Anne Marie Waters
Tuesday July 21st 2020
I say the state of the economy today is unknown because it felt like the only appropriate word (other than “terrifying” which probably wouldn’t help the situation!)
The government’s furlough scheme will soon end, and then UK business will need to stand on its own feet again in terms of staff costs, which will inevitably mean job losses: the “unknown” element refers to how many.
This isn’t a UK problem though, this is a major global problem. This week for example, the President of Microsoft Brad Smith said the world is facing job losses of quarter of a billion, many of which are gone for good. This is because post-coronavirus, the world will become more digital and more and more of our lives will be lived online. This of course means major change for the global economy because how we do business, or buy products, will never be the same.
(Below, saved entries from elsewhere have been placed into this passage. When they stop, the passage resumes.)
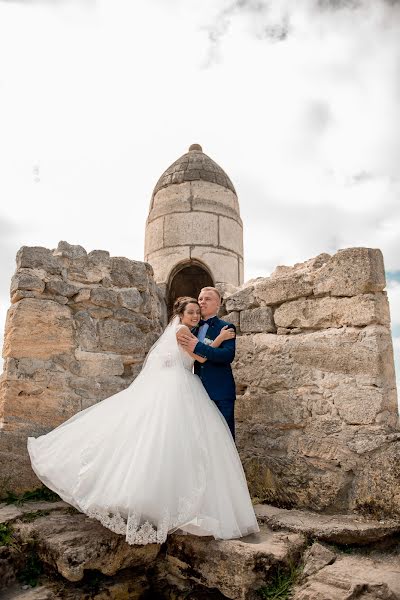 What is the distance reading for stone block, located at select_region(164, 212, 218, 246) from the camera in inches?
311

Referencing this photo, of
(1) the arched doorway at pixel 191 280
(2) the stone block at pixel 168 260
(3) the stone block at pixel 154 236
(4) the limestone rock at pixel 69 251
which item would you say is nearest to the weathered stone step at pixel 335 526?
(4) the limestone rock at pixel 69 251

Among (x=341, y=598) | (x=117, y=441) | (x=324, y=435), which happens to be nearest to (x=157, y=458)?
(x=117, y=441)

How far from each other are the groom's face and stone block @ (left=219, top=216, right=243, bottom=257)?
464 centimetres

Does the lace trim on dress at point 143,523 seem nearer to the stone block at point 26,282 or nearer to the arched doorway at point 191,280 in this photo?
the stone block at point 26,282

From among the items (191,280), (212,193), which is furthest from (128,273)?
(191,280)

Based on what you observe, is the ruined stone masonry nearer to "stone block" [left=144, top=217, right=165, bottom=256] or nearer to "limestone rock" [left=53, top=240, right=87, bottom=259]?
"limestone rock" [left=53, top=240, right=87, bottom=259]

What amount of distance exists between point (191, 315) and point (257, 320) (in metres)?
0.69

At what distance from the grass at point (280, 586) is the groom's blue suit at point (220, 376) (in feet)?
3.15

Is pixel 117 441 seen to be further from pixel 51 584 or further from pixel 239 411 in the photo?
pixel 239 411

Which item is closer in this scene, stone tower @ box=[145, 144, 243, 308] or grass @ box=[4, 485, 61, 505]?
grass @ box=[4, 485, 61, 505]

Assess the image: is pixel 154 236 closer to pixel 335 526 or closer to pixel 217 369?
pixel 217 369

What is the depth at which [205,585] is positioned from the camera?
2.38m

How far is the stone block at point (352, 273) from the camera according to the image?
3.09m

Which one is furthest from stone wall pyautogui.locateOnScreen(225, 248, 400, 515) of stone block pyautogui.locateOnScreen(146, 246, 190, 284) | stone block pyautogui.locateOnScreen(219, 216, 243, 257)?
stone block pyautogui.locateOnScreen(219, 216, 243, 257) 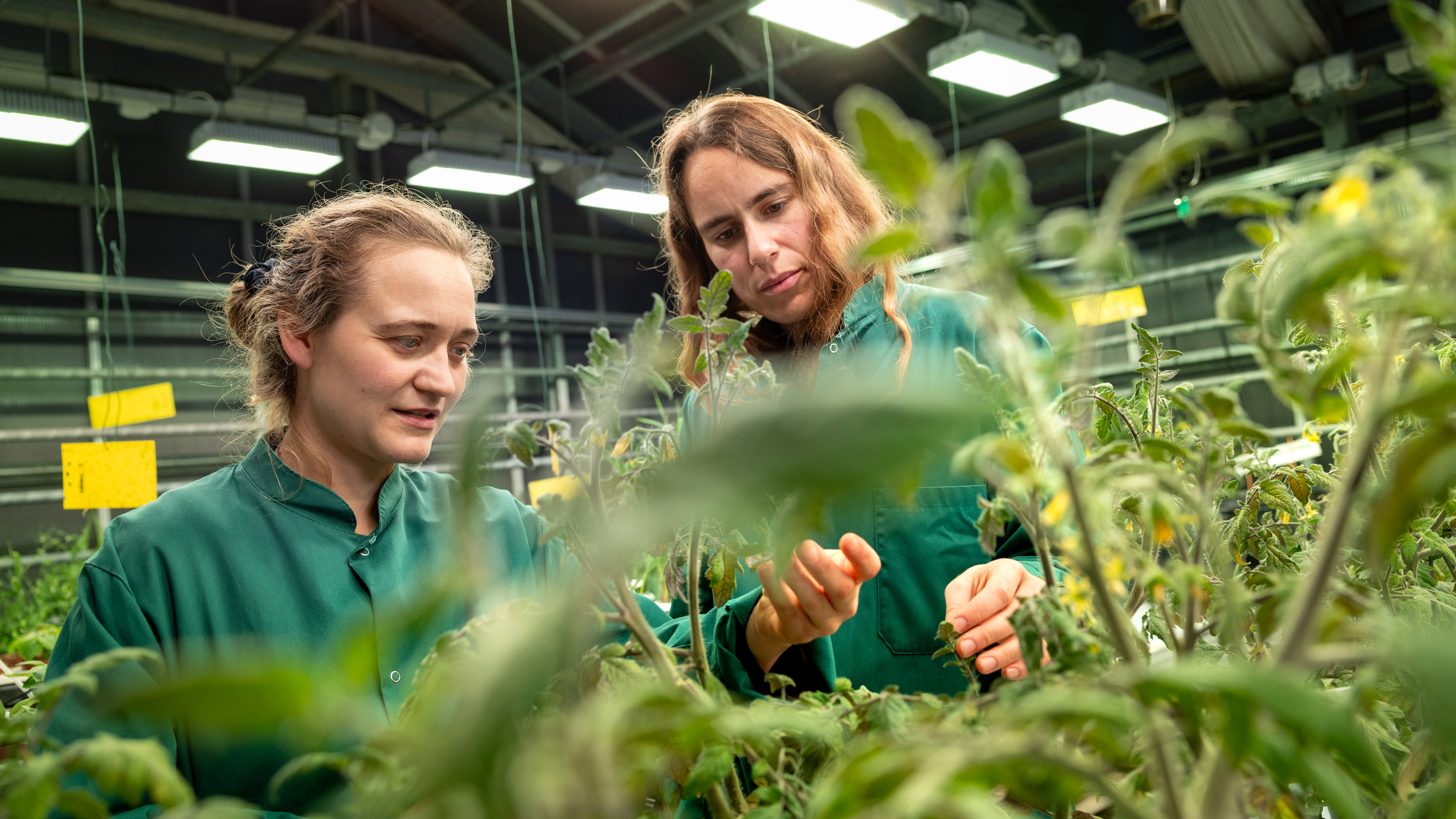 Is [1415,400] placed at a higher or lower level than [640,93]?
lower

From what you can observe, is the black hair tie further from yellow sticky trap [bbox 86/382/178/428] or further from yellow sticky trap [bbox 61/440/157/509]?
yellow sticky trap [bbox 86/382/178/428]

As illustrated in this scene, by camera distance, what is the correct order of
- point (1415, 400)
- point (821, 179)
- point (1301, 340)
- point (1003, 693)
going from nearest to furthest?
point (1415, 400), point (1003, 693), point (1301, 340), point (821, 179)

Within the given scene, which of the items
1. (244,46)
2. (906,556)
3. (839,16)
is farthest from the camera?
(244,46)

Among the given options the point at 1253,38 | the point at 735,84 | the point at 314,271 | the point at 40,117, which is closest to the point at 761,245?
the point at 314,271

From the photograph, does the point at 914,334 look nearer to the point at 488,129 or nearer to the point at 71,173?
the point at 488,129

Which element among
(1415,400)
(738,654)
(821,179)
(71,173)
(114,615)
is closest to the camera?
(1415,400)

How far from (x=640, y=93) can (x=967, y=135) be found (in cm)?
263

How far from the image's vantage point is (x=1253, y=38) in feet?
15.7

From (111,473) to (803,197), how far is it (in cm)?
219

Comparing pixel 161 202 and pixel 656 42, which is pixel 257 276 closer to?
pixel 656 42

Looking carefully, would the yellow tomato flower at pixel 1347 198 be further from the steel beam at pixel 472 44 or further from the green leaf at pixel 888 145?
the steel beam at pixel 472 44

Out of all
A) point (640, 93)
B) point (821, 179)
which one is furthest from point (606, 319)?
point (821, 179)

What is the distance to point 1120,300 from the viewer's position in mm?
812

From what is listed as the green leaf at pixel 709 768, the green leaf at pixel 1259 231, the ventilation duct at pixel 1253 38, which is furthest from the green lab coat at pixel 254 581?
the ventilation duct at pixel 1253 38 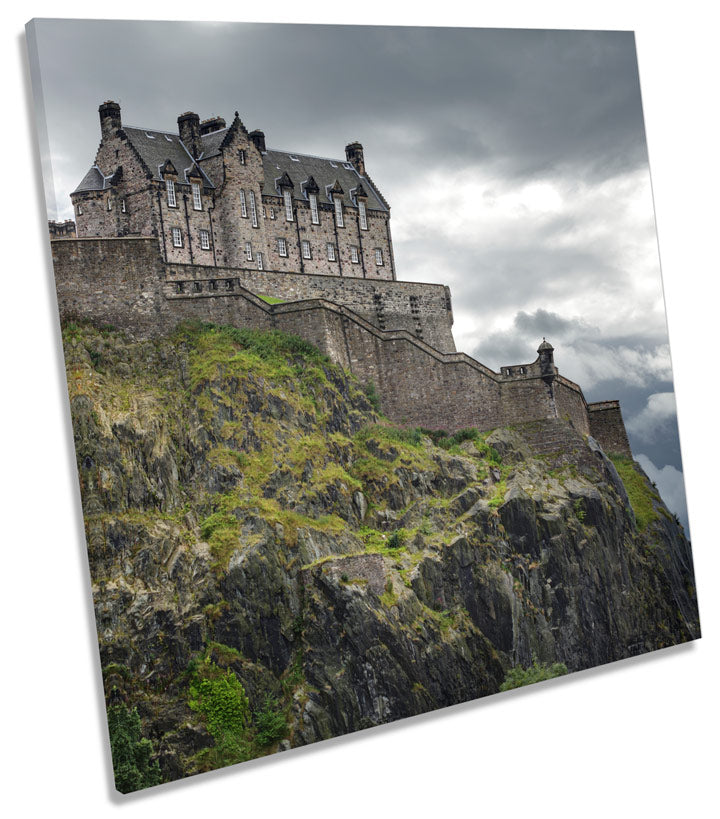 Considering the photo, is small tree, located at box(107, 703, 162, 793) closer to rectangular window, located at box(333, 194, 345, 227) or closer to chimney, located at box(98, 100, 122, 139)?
chimney, located at box(98, 100, 122, 139)

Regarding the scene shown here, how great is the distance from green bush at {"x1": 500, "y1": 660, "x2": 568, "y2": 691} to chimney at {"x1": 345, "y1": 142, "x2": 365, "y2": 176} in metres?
7.30

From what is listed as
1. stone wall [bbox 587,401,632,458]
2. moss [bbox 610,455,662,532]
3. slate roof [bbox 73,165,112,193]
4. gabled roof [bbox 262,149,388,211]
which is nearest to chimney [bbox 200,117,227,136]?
gabled roof [bbox 262,149,388,211]

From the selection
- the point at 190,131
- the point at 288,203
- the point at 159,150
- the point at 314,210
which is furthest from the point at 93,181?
the point at 314,210

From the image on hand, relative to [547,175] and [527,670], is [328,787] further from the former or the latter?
[547,175]

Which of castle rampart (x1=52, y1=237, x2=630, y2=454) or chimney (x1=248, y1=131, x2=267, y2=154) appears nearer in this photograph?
chimney (x1=248, y1=131, x2=267, y2=154)

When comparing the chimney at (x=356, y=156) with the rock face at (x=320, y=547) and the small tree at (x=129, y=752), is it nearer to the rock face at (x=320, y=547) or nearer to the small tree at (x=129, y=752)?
the rock face at (x=320, y=547)

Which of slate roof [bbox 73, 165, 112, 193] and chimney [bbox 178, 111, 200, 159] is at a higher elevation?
chimney [bbox 178, 111, 200, 159]

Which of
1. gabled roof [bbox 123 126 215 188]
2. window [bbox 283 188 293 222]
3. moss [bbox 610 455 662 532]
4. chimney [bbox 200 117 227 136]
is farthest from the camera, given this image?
window [bbox 283 188 293 222]

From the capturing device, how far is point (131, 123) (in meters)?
12.8

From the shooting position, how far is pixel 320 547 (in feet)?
43.8

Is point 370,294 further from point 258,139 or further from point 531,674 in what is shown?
point 531,674

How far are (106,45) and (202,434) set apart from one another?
4.81 metres

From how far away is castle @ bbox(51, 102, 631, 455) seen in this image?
13.5m

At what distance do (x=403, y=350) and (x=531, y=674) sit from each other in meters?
5.36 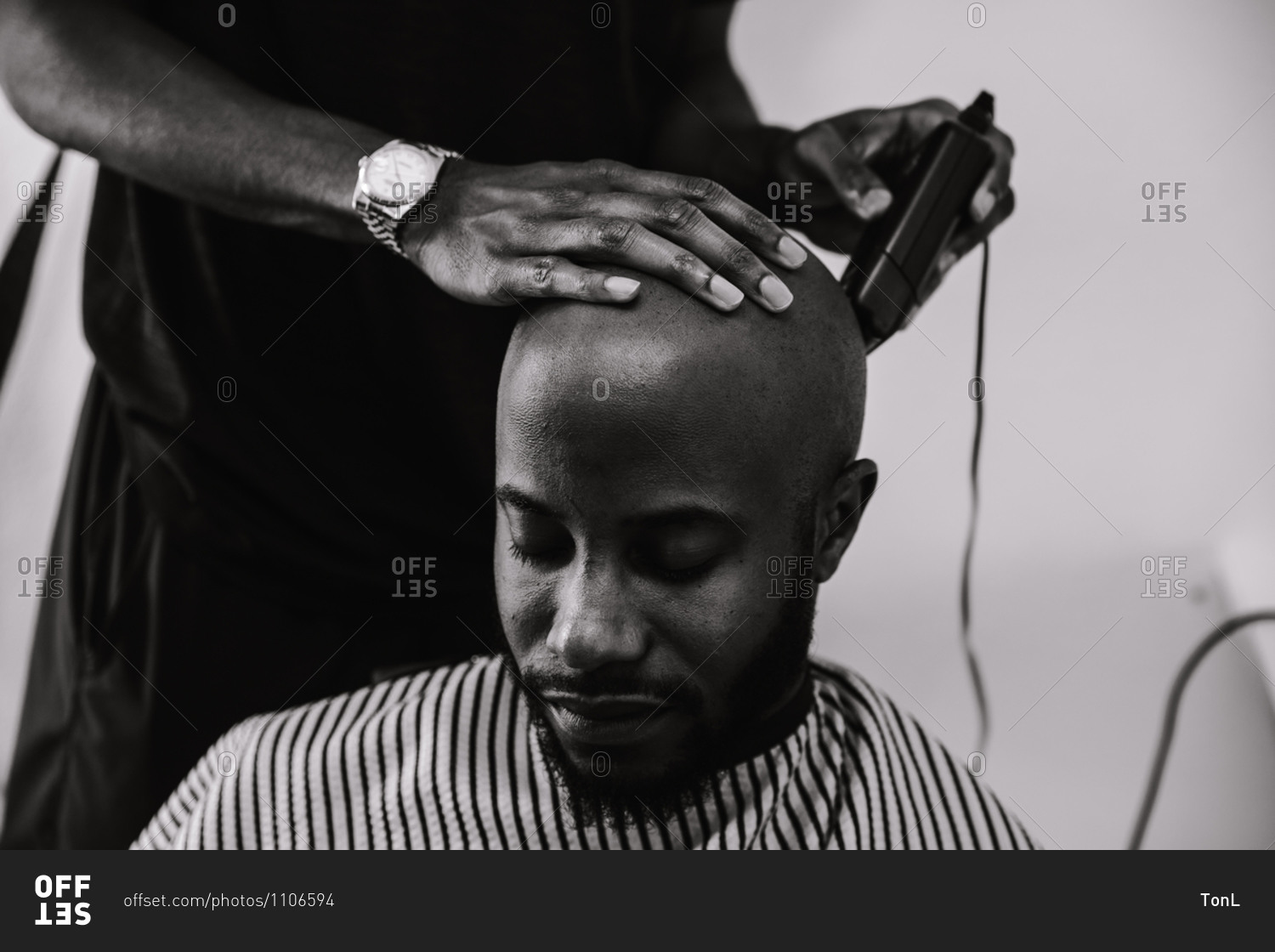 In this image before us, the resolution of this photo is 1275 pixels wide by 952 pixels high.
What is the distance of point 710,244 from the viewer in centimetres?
88

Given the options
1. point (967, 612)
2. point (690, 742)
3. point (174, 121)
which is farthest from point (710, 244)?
point (967, 612)

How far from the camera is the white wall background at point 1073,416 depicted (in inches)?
63.0

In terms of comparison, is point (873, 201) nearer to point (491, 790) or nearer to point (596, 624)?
point (596, 624)

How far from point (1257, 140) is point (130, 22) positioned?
1493 mm

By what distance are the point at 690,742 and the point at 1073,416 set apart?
38.0 inches

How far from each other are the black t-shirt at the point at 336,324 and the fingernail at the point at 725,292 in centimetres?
54

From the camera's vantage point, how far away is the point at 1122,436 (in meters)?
1.63

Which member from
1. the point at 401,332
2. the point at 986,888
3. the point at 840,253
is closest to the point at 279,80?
the point at 401,332

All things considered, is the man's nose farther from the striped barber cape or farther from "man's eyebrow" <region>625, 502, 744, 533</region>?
the striped barber cape

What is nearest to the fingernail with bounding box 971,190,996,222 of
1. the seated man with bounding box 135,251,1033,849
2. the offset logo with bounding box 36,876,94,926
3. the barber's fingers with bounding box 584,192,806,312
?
the seated man with bounding box 135,251,1033,849

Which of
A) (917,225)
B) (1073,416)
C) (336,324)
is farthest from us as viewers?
(1073,416)

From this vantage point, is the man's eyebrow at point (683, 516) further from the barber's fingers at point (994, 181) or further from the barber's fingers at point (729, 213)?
the barber's fingers at point (994, 181)

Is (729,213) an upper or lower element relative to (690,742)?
upper

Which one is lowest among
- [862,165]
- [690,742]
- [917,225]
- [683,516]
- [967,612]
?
[690,742]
The situation is reflected here in the UK as we experience a “spike” in IT job advertisements. According to the Recruitment & Employment Confederation, demand for web designers and developers has risen by 15.5% since June.
Deputy chief executive of TechUK Antony Walker said “We’ve seen two years of digital transformation happening in the space of two weeks. A lot of business leaders we’ve been talking to, and survey data, shows that digital will be more important to their business, as a result of the coronavirus pandemic.”
Employment figures in Britain are dropping as can be expected, with 34,000 more unemployed in April to reach a figure of 1.3 million.
The rise in IT jobs is both good and bad news; good news for those who are trained, bad news for those who are not. Non-IT jobs it seems are becoming more and more rare.
Meanwhile, UK borrowing is up. In fact, it’s at record levels. The government borrowed a record £127.9bn between April and June as it tries to keep on top of coronavirus costs. (Prior to the pandemic, Britain was already in debt to the tune of 85% of GDP). This borrowing is unlikely to stop any time soon.
Meanwhile, public sector workers such as doctors and teachers are to receive an above-inflation payrise. Few would argue with a pay rise in normal circumstances, but given the strain already placed on the public purse, one wonders sometimes where Rishi Sunak is getting all this money from – and how he intends to pay it back.
There have been times through this pandemic that Sunak’s pockets have appeared rather deep and I suspect I’m not the only one somewhat on edge about how much deeper they can get.
Across in Brussels, the EU has finally come to an agreement about post-coronavirus help for business. It has set aside 750 billion euros for the task. I can’t help but wonder if it’s too little, too late. The EU showed itself as staggeringly inept in dealing with this crisis, but luckily, after December 31st, that’s one coronavirus problem we won’t have to deal with.